The assembled crowd, however, felt totally ripped off. Where was the drama? Where was the excitement? At least with a hanging or a breaking-at-the-wheel you got some proper entertainment. Some disappointed people in crowd even reportedly started a chorus of: “Bring back our wooden gallows!”
But the guillotine was here to stay.
There had been other devices similar to the guillotine previously in existence in Europe, but the machine we know today was developed by Dr. Joseph-Ignace Guillotin, a French doctor and member of the Revolutionary National Assembly. The good doctor was actually against the death penalty, but he figured a more humane method of execution was better than nothing until capital punishment could be abolished completely.

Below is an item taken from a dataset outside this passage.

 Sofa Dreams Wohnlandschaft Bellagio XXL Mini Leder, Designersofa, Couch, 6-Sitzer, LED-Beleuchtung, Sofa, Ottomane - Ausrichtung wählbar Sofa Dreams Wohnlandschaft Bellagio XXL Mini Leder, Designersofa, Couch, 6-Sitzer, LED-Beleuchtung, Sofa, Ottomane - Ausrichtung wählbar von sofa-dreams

The guillotine was adopted as France’s official method of execution on March 20, 1792, and remained so until the death penalty was done away with in 1981. When the guillotine was instated, it was seen as an egalitarian way to dispatch justice in capital cases, unlike the old system that was unapologetically biased towards the upper class. Before the guillotine, aristocrats underwent relatively painless executions by being beheaded, either by axe or by sword. Commoners, on the other hand, could be hanged, burned at the stake, broken on the wheel, or made to suffer many other sorts of horrible, lingering deaths. The guillotine, to the revolutionary mind, provided a level playing field.
And during the Reign of Terror, from June 1793 to July 1794, it sure got a work-out. After the monarchy was overthrown, most of the democratic principles put in place were cast aside and anarchy ruled the day. No-one was safe, and it’s estimated that 5,000-40,000 French individuals met their end in the Place de la Revolution by means of “Madame Guillotine.”